Dear Patchers: After over four long years, Birmingham Museum and Art Gallery is finally (partially) open! The wait is over. With £20 million invested into it, you might expect to be dazzled by its new incarnation. If so, you might be disappointed. The reasons why? That’s today’s story. But before we get there, City of Birmingham Symphony Orchestra takes you to the movies in our suggestions for how to spend your weekend.


Things to do

Stirchley Morris dancers. Photo: Fruit & Nut Village.

Saturday:

🍎 There are several ‘Apple wassails’ happening in the West Midlands during the second half of this month. The ancient pre-Christian tradition is prominent in England’s cider-producing west: across Devon, Somerset, the Cotswolds, Herefordshire and Gloucestershire. The Apple wassail traditionally involves groups gathering to sing to the trees in orchards for a good harvest in the coming year. This Saturday, you can help serenade the apples at events in Stirchley (at the Birmingham Brewing Company) or at Lickey Hills Country Park. On Sunday, there is another wassail at Highbury Orchard Community. Expect musical performances, Morris dancing, and yes, cider.

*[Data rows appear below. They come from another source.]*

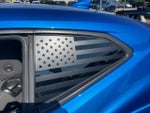 2017 Chevrolet Camaro 1SS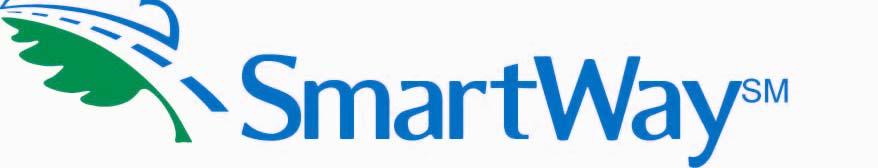 The SmartWay Transport Partnership Promoting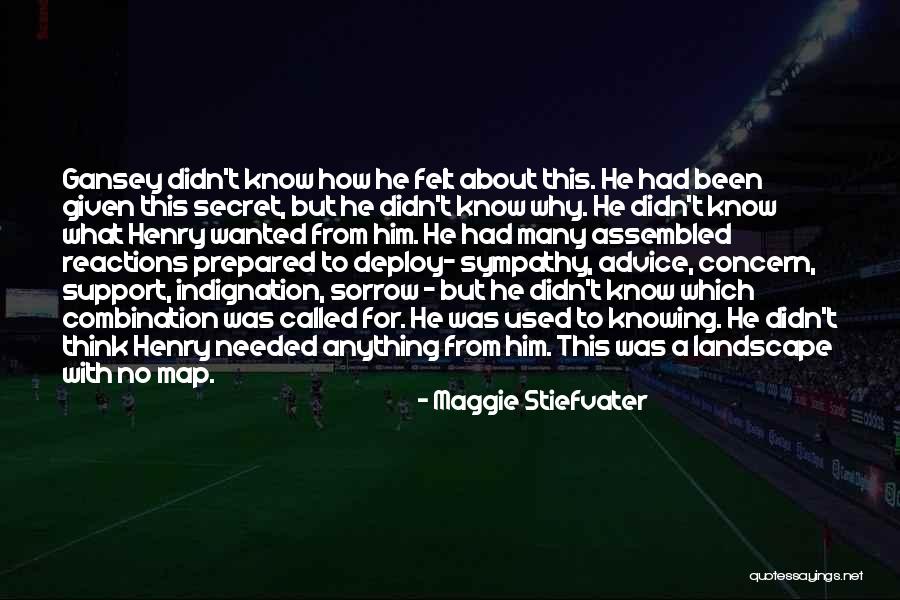 Delagardie Tallinn Quotes By Maggie Stiefvater Delagardie Tallinn Quotes By Maggie Stiefvater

🧱 This Dispatch writer once made a Lego skyscraper so tall and ornate that he got a prize at primary school. Do the small multicoloured bricks also prompt boundless nostalgia in you? Hit up the National Conference Centre in east Birmingham this Saturday for a ‘National Brick’ event. Collectors, builders, and punters will all descend on the conference centre to share their love of Lego. Doors at 10:00 am. Tickets from £8.01.

Sunday:

☪️ Having spent much time over the last year staring at the infinite ceilings of Islamic palaces and mosques in Spain, Morocco, and the Middle East: this event has a particular appeal for the Dispatch team’s second staff writer. Artist Safira Ali leads an ‘Islamic Geometry for Beginners’ workshop this Sunday at The Pen Museum. Learn how to draw a mathematical 6-fold pattern and take a piece of artwork home with you. Doors at noon. Tickets are £26.00. Art supplies provided.

🎥 A CBSO (City of Birmingham Symphony Orchestra) speciality, catch ‘Music at the Movies’ on Sunday night at Symphony Hall. Radio 3 presenter Petroc Trelawny shares his favourite film scores with the audience: from the Avengers franchise to Tolkien’s ‘Middle Earth.’ Ben Parry conducts. Doors at 7:00 pm. Standard tickets from £26. Concessions from £5.


If you are a millennial who grew up in the West Midlands, the chances are you will have spent some rainy afternoons in Birmingham Museum and Art Gallery. It might have been obvious, even as a child, that the neoclassical Grade II-listed building needed work. The grandiose red paint was flaking, the heating didn’t work and the curatorial programme was, to be generous, stale. I adored the place anyway. The worn out facilities didn’t dilute my enthusiasm for the museum’s vast collection of Pre-Raphaelite work (the largest in the world) or for its many treasures (the Romano-Egyptian mummy or the Congolese masks, amongst countless others).

Despite this, and out of concern for its collection, I was relieved to learn in 2020 that the museum was finally closing to undergo a major renovation.

It was to be “the biggest investment in the building’s infrastructure since it was first built in 1885,” according to Sara Wajid, one of BMAG’s joint CEOs. “Visitors will feel the difference immediately,” she added.

The renovation was much needed: once a jewel in the city’s crown, the grand Grade-II building in the city centre was visibly tiring. In an interview, Wajid revealed the local authority had invested £15 million which would be spent on the renovation, in addition to £5 million from Arts Council England’s MEND fund, including overdue structural improvements to the building itself: the heating, electrics, lifts and roofing.

As of October 2024 the museum has re-opened, albeit partially. It doesn't seem unreasonable to have expected a sharpening of ideas and better curation. What I found was a space that felt committed to decline.

Photo: David Rowan/Birmingham Museums Trust.